Effect of mass loss due to stellar winds on the formation of supermassive black hole seeds in dense nuclear star clusters

TL;DR

This study investigates how stellar wind-driven mass loss influences the formation of supermassive stars in dense nuclear star clusters, impacting the early growth of supermassive black holes in the universe.

Contribution

It provides the first detailed analysis of mass loss effects on supermassive star formation across various accretion rates, metallicities, and Eddington factors using idealized N-body simulations.

Findings

High accretion rates enable formation of supermassive stars even at high metallicity.

Lower accretion rates limit supermassive star formation to low metallicity environments.

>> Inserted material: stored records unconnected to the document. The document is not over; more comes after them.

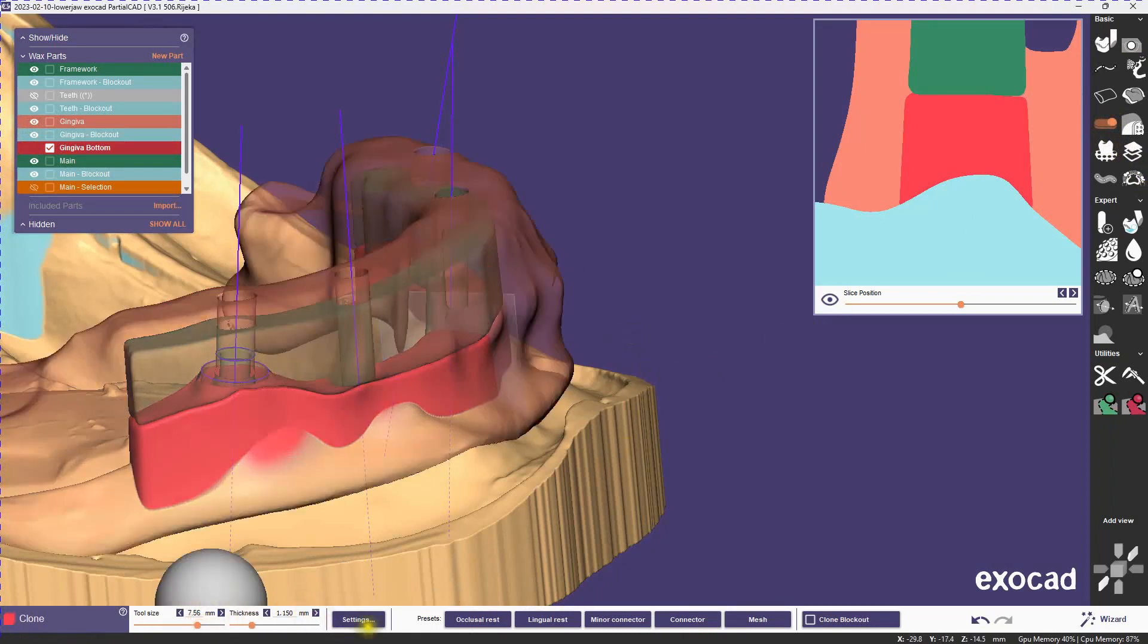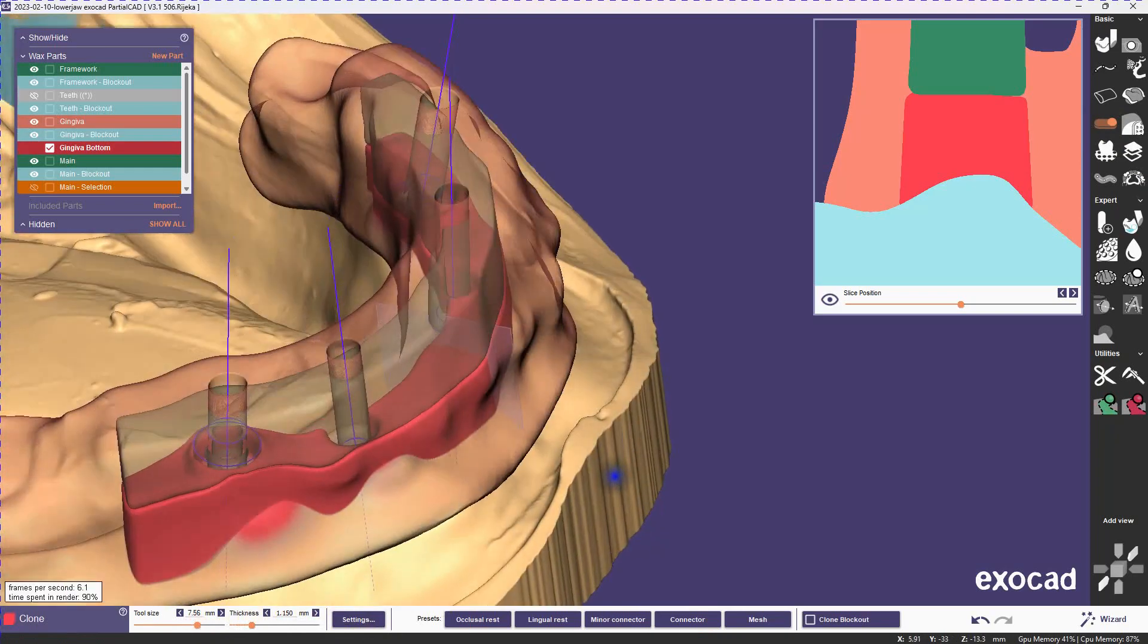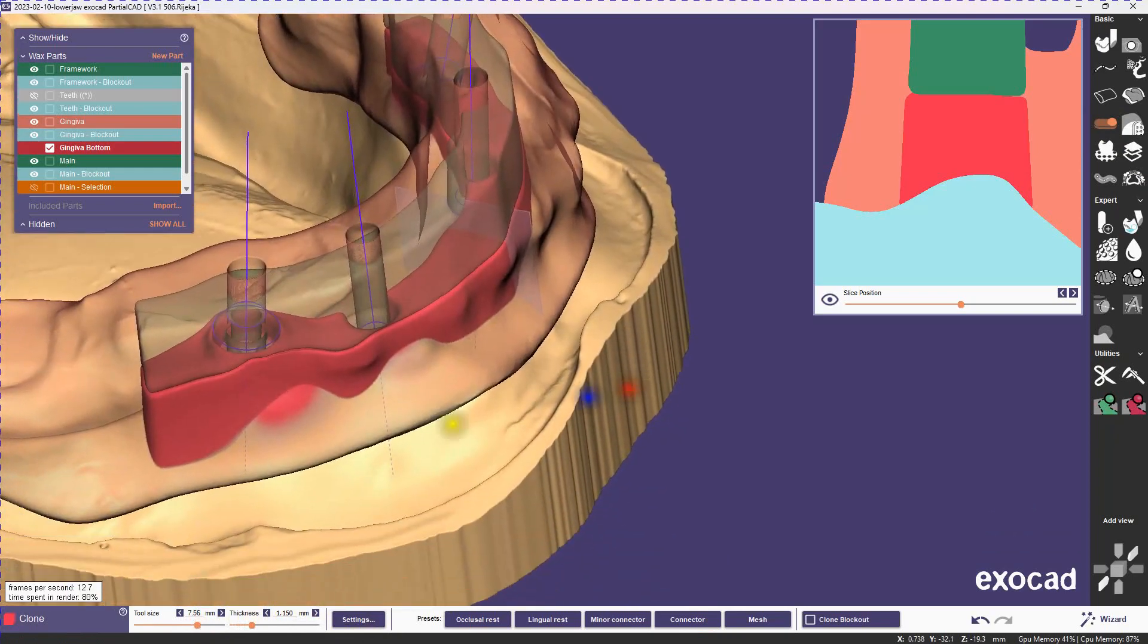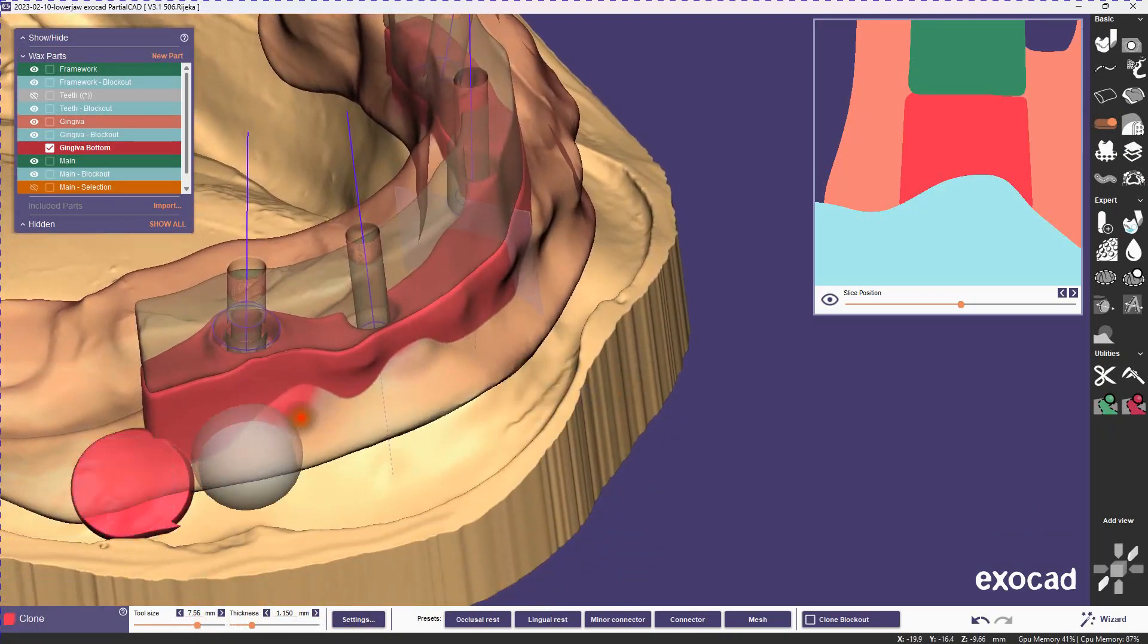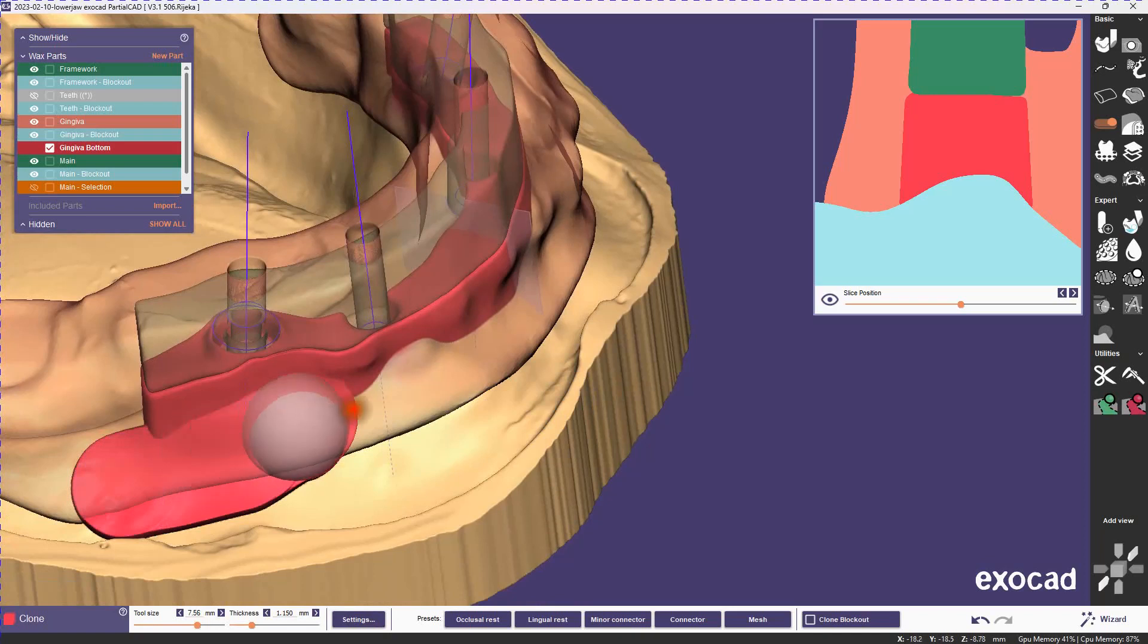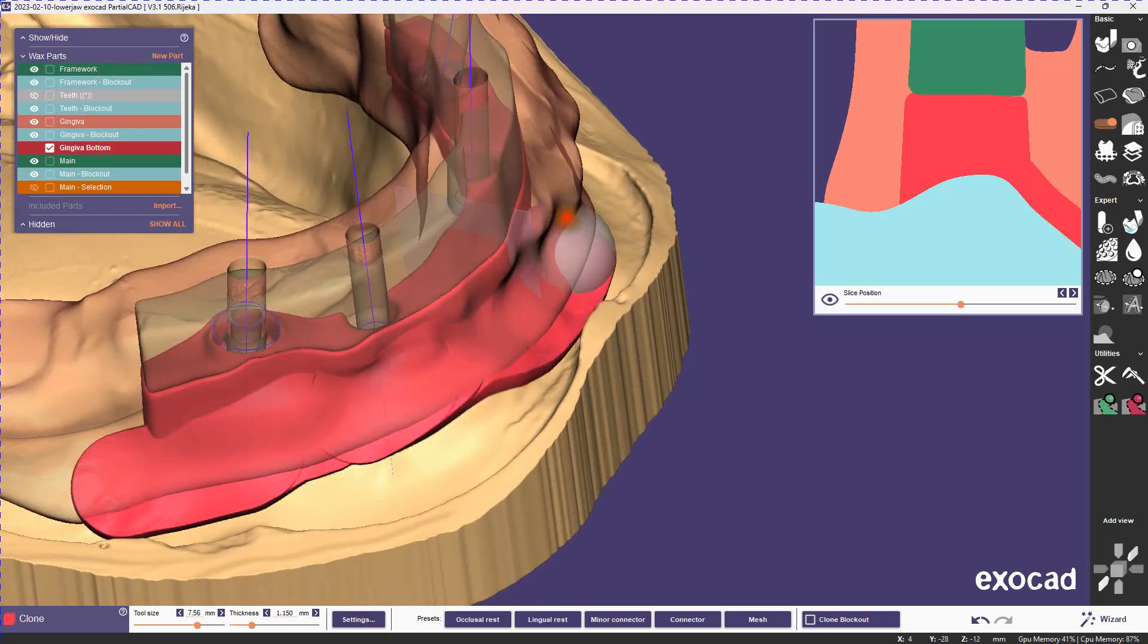So we're going to add a nice base along the entirety of the gingiva, and we're just going to slop on a bunch of wax with the clone tool, and then we're going to trim it back with the crop of the gingiva.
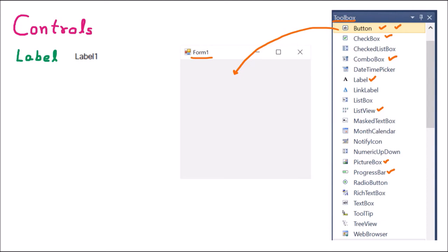Now we are going to discuss the different controls. The first control is the label. Whenever we are going to display any text to the user, the label is used. For example, if I want to show a message on the form like 'enter a number', that is called the label. The next control is the link label — whenever we want to provide a hyperlink so that clicking the text opens a new page, that is called the link label.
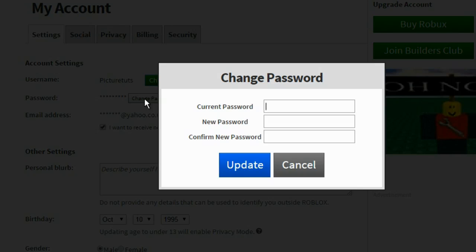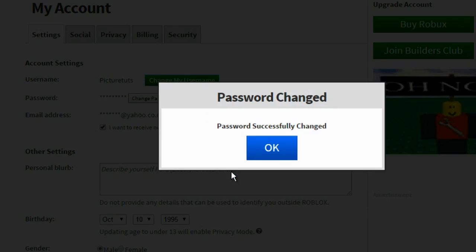So change password and then enter your current password and then you enter your new password that you want your new password to be and then enter it again and then click update.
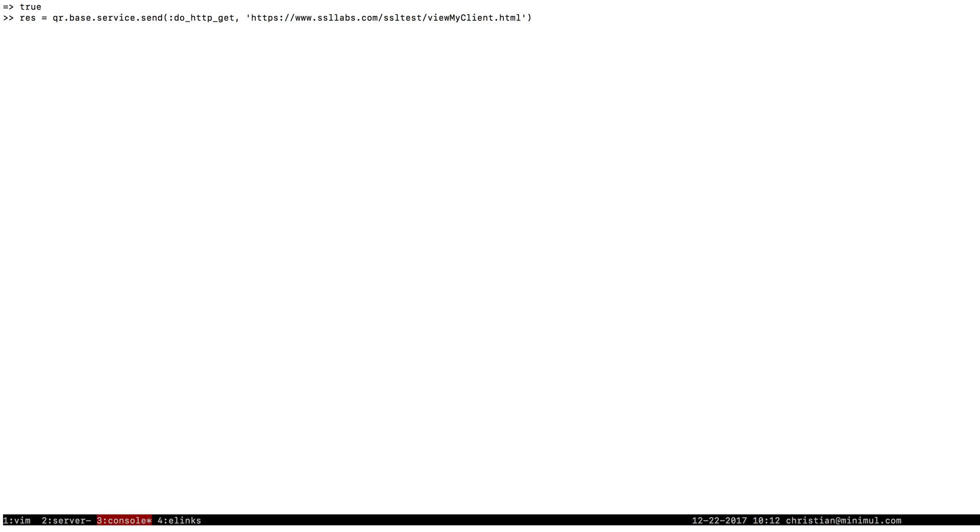So you would get a QuickBooks Ruby object right here. I'm calling it qr.base because I'm getting it a little different way. This is QuickBooks Ruby here. And private method in the service of QuickBooks Ruby, the service module, is do HTTP get.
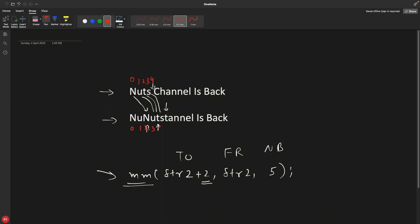Now look at this: we wanted to copy this space which is at fourth location, right? But if you see, this 't' is also at fourth location. So basically we ended up modifying the same string. That's why when it is trying to copy, it is copying the updated string.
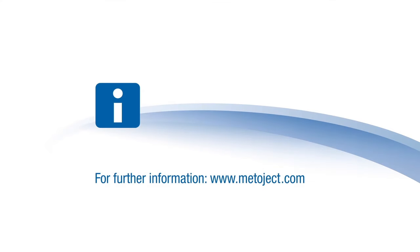In case you have any further questions, please don't hesitate to contact MADAC or your healthcare professional. You can also get more information on our website, meeteject.com.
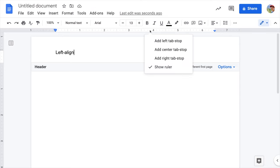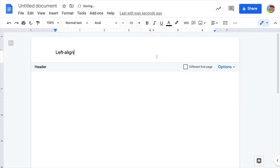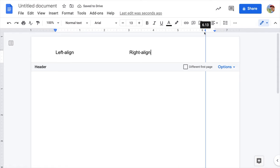Then, right-click on the ruler and select Add Right Tab Stop. Press Tab on your keyboard and type the right-align text. Then, move the blue dot to the end.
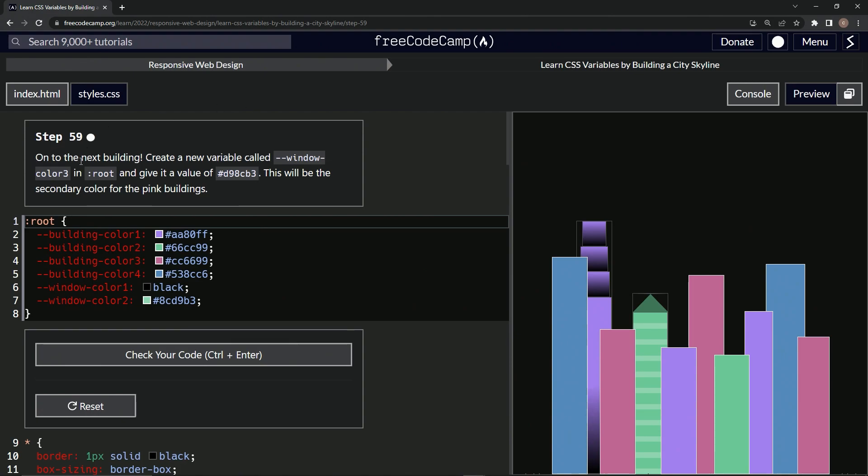So on to the next building. We're going to create a new variable called window3 in root and give it a value of this right here. This is going to be the secondary color for the pink buildings.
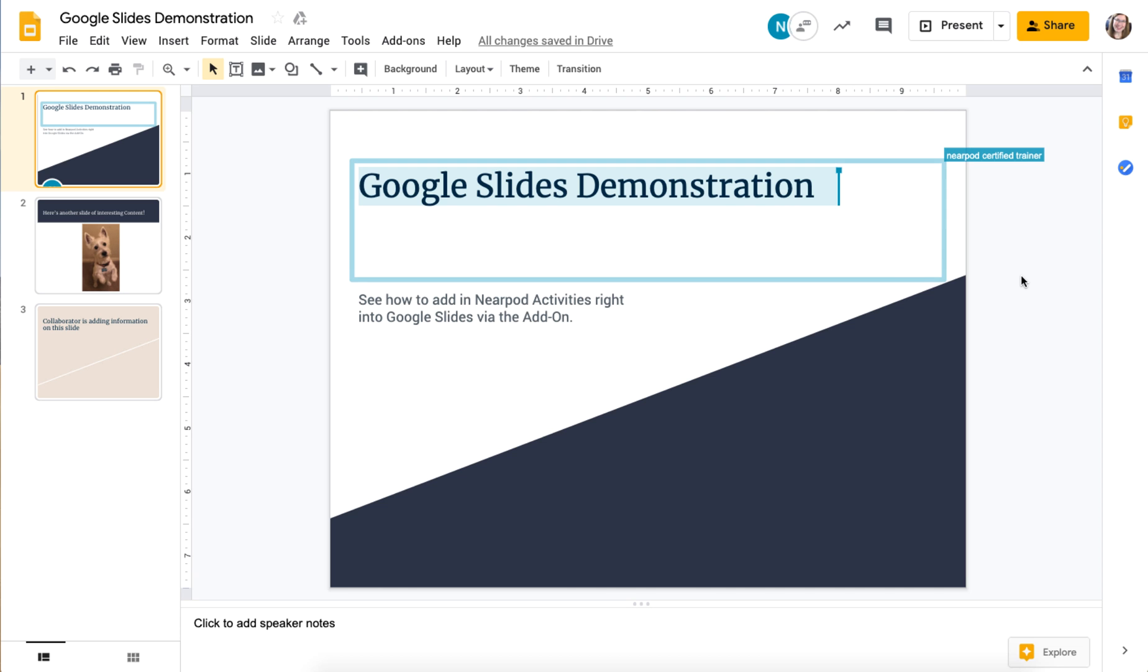Nearpod has a new Google Slides add-on that can allow you to collaborate and create Nearpod lessons together with other teachers.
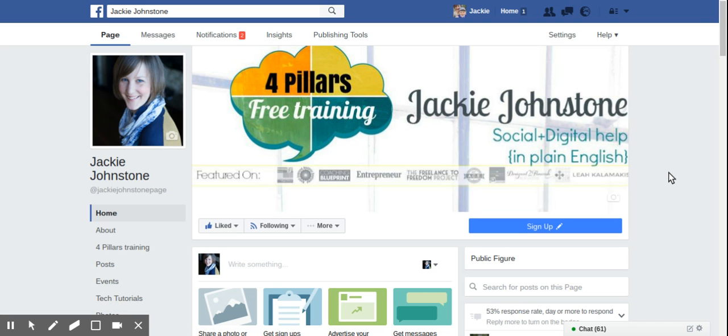Today, we're going to use Facebook search to find groups of your ideal clients on Facebook, even if you don't serve other business owners.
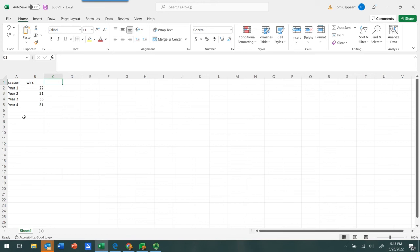And so we want to be able to represent the change in the number of wins over a course of those four years. So the first thing we want to do is highlight all of the data, including the labels.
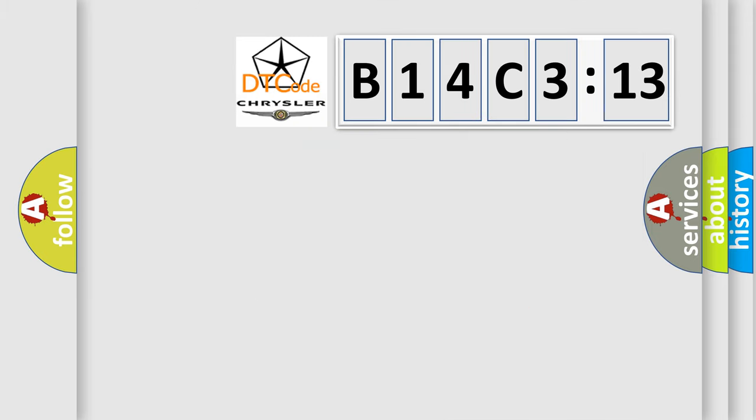So, what does the diagnostic trouble code B14C313 interpret specifically for Chrysler car manufacturers?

Bondi-Hoyle accretion can produce supermassive stars up to 10^5 solar masses in low-metallicity environments.

Abstract

The observations of high redshifts quasars at $z\gtrsim 6$ have revealed that supermassive black holes (SMBHs) of mass $\sim 10^9\,\mathrm{M_{\odot}}$ were already in place within the first $\sim$ Gyr after the Big Bang. Supermassive stars (SMSs) with masses $10^{3-5}\,\mathrm{M_{\odot}}$ are potential seeds for these observed SMBHs. A possible formation channel of these SMSs is the interplay of gas accretion and runaway stellar collisions inside dense nuclear star clusters (NSCs). However, mass loss due to stellar winds could be an important limitation for the formation of the SMSs and affect the final mass. In this paper, we study the effect of mass loss driven by stellar winds on the formation and evolution of SMSs in dense NSCs using idealised N-body simulations. Considering different accretion scenarios, we have studied the effect of the mass loss rates over a wide range of metallicities $Z_\ast=[.001-1]\mathrm{Z_{\odot}}$ and Eddington factors $f_{\rm Edd}=L_\ast/L_{\mathrm{Edd}}=0.5,0.7,\,\&\, 0.9$. For a high accretion rate of $10^{-4}\,\mathrm{M_{\odot}yr^{-1}}$, SMSs with masses $\gtrsim 10^3\MSun$ could be formed even in a high metallicity environment. For a lower accretion rate of $10^{-5}\,\mathrm{M_{\odot}yr^{-1}}$, SMSs of masses $\sim 10^{3-4}\,\mathrm{M_{\odot}}$ can be formed for all adopted values of $Z_\ast$ and $f_{\rm Edd}$, except for $Z_\ast=\mathrm{Z_{\odot}}$ and $f_{\rm Edd}=0.7$ or 0.9. For Eddington accretion, SMSs of masses $\sim 10^3\,\mathrm{M_{\odot}}$ can be formed in low metallicity environments with $Z_\ast\lesssim 0.01\mathrm{Z_{\odot}}$. The most massive SMSs of masses $\sim 10^5\,\mathrm{M_{\odot}}$ can be formed for Bondi-Hoyle accretion in environments with $Z_\ast \lesssim 0.5\mathrm{Z_{\odot}}$.